President Barack Obama on Thursday signed the bipartisan Every Student Succeeds Act (ESSA), an overhaul of the federal No Child Left Behind education law.
George W. Bush's signature 2002 No Child Left Behind law required schools to make "adequate yearly progress" on standardized tests administered by states, which was used as the measure's strict accountability system.
ESSA gives states greater control over education decisions and how to handle underperforming schools.
The new law maintains mandated math and reading testing, but largely removes the high stakes associated with those tests.

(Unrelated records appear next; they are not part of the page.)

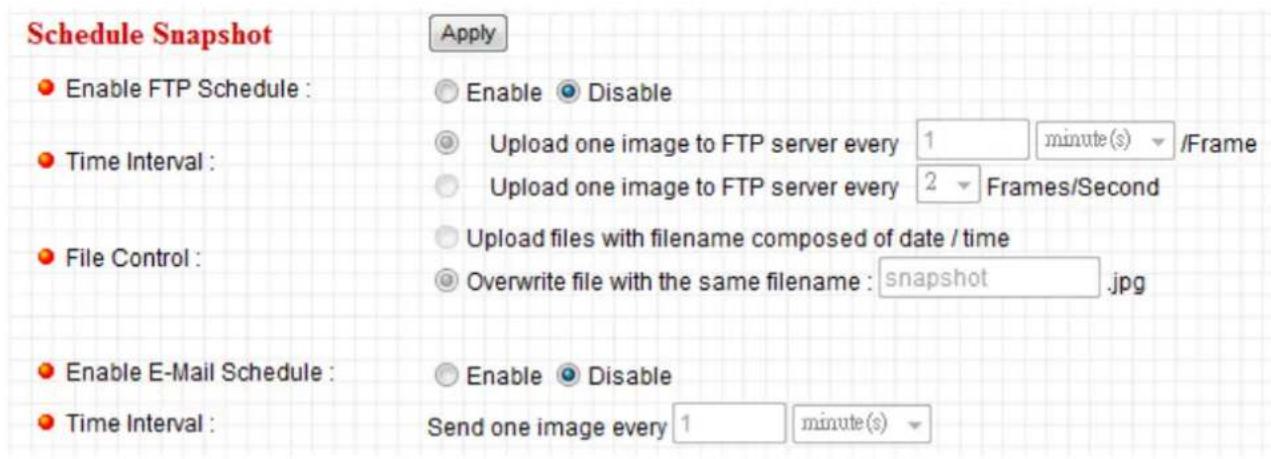 Edimax IC-3010 - Schedule Snapshot - 1
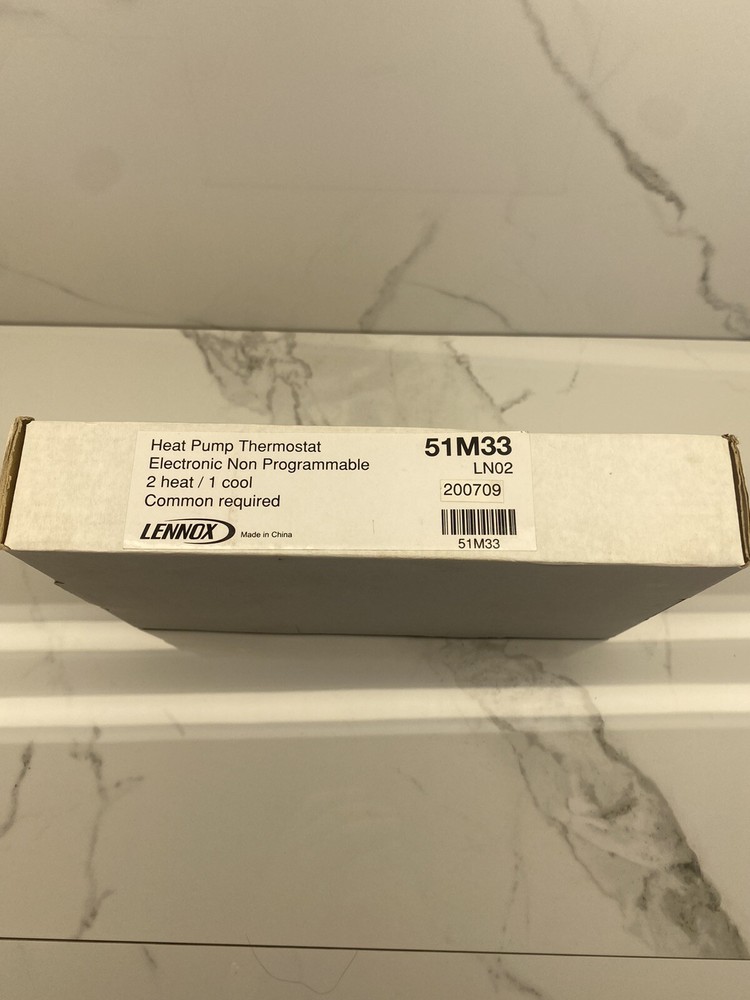LENNOX 51M33 NON-PROGRAMMABLE, HEAT PUMP, 2H/1C, THERMOSTAT Free Ship!
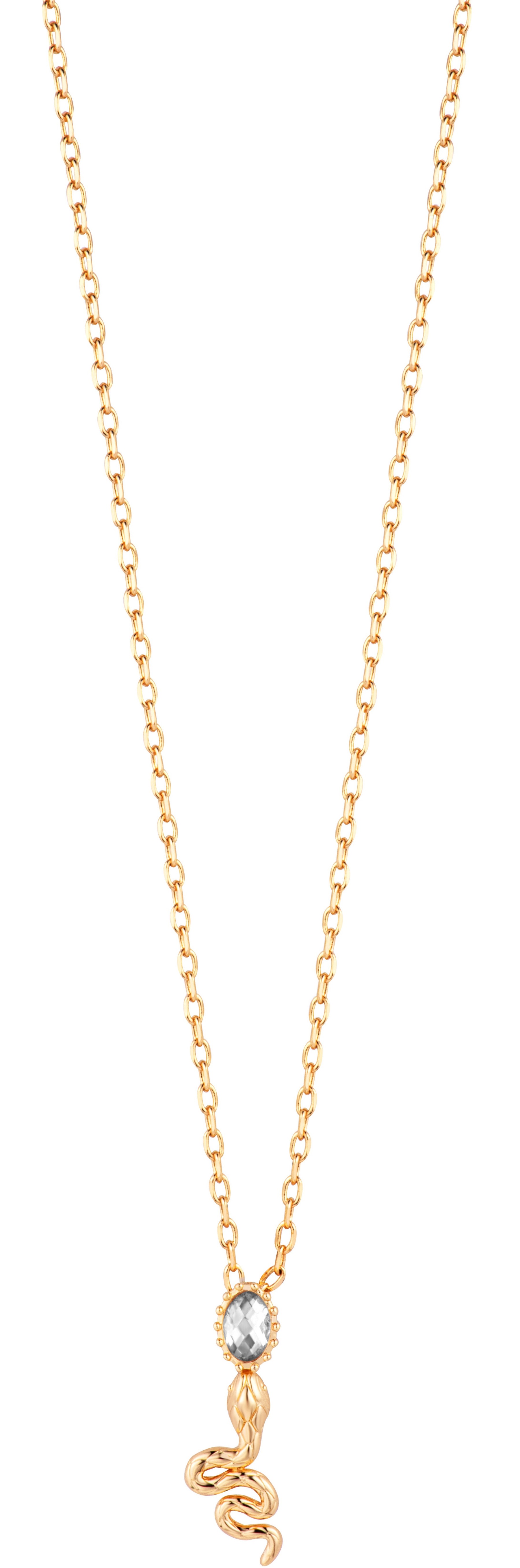JUST CAVALLI Animalier Necklace Gold Stainless Steel with Cubic Zirconia JCNL01733200 -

For example, the bill eliminates the requirement of using test stores for teacher evaluations.
Illinois Federation of Teachers President Dan Montgomery was among those at the education bill's signing Thursday.
"I am very honored to participate in this historic moment and applaud Congress for this significant course correction, acknowledging that a decade's worth of test-and-punish education policies have been a failure," Montgomery said in a statement. "Nothing is perfect, and ESSA is no exception, but there is a lot to like about this bill. Overall, it brings us closer to letting states, local school districts, and educators like me focus on students and their success. It's also an important to step in ending the harmful testing obsession that parents and teachers alike have repeatedly rejected. Now, we must use this national momentum to affect more change in Illinois, where misguided state policies continue to drain the joy from teaching and learning."